The C130H aircraft, with 13 crew onboard including two New Zealand Defence Force medical personnel, left Christchurch for Antarctica at 10.25pm Sunday.
It is the first time the RNZAF has flown a medevac mission to Antarctica using the goggles.
"Landing on night vision goggles is something we train for in New Zealand," said Rob Attrill, Hercules flight commander, and navigator for the brave mission.
"We don't routinely do [this] into Antarctica."
Because of Covid, the USAF C17 aircraft weren't able to join the New Zealanders "so we were privileged to be able to help out", Attrill said.
All flights south to Antarctica have a "point of safe return" - where they can turn around with enough fuel to safely get back.
"Once we get to that point of safe return, we can't go back to New Zealand, so we have to make sure the weather the runway conditions and everything is perfect to allow us to land in Antarctica," said Attrill.
The round trip south took more than 15 hours, almost all in the dark.
The US crew at McMurdo Station placed lights on the ice runway to help the Kiwis land.
"Night goggles' depth perception is pretty good - it's not entirely great down there because [we] rely on the moon."
Also against them was the weather.
It was overcast, the temperature as cold as -20C with a thick cloud layer at 3000ft.
"There was no starlight [getting] through a pretty solid cloud base."
In less than eight hours they were on the ice, the patient quickly loaded from an ambulance and onto the aircraft.
At the same time, the C130 was refueled while the engines were kept running - called a "hot refill"
"We keep the aircraft warm and stop any issues with shutting down the aircraft starting to get cold and then having to start up the engines back up again," said Attrill.
"So the main thing is to keep the aircraft nice and warm in the extreme climate down there in Antarctica."
The National Science Foundation was grateful for the New Zealand Defence Force assistance.
"This rescue ensured that an individual with a serious medical condition was able to acquire medical care not available at McMurdo Station," said NSF media officer Mike England.

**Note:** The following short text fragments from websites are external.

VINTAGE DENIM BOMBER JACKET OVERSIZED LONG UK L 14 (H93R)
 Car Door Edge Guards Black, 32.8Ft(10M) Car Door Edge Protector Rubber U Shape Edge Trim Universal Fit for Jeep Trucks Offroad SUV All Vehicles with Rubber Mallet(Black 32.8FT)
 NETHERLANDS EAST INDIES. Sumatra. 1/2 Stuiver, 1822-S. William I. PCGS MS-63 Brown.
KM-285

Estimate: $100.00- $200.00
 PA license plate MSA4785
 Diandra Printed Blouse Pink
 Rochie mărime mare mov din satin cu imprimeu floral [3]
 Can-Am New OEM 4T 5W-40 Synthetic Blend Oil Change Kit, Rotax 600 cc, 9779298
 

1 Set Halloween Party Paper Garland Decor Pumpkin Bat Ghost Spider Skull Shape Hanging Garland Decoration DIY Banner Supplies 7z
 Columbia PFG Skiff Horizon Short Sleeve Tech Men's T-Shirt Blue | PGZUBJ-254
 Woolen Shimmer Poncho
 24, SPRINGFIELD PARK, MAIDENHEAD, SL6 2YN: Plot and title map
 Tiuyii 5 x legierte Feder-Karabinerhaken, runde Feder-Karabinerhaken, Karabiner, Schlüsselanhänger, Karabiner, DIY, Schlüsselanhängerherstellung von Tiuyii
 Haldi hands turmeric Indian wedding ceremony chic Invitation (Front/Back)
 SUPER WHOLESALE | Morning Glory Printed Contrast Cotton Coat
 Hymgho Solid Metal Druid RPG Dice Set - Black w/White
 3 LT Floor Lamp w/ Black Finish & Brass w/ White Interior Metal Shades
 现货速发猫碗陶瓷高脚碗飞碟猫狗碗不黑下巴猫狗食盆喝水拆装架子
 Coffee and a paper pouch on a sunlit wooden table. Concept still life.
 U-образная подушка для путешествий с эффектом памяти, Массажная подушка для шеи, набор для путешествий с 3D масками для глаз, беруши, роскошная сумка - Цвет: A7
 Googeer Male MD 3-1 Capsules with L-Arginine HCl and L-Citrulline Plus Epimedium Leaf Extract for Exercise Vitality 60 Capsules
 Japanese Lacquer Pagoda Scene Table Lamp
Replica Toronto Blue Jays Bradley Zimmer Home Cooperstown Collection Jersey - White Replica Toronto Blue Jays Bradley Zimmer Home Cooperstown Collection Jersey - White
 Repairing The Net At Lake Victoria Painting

"The New Zealand Defence Force is incredibly professional and capable," said US chargé d'affaires and acting US Ambassador Kevin Covert.
"We can always count on them when we need them - they get the job done and they know what they are doing."
The patient, who is a member of the United States Antarctic Programme, was not suffering life-threatening injuries and is now receiving further medical treatment at Christchurch Hospital.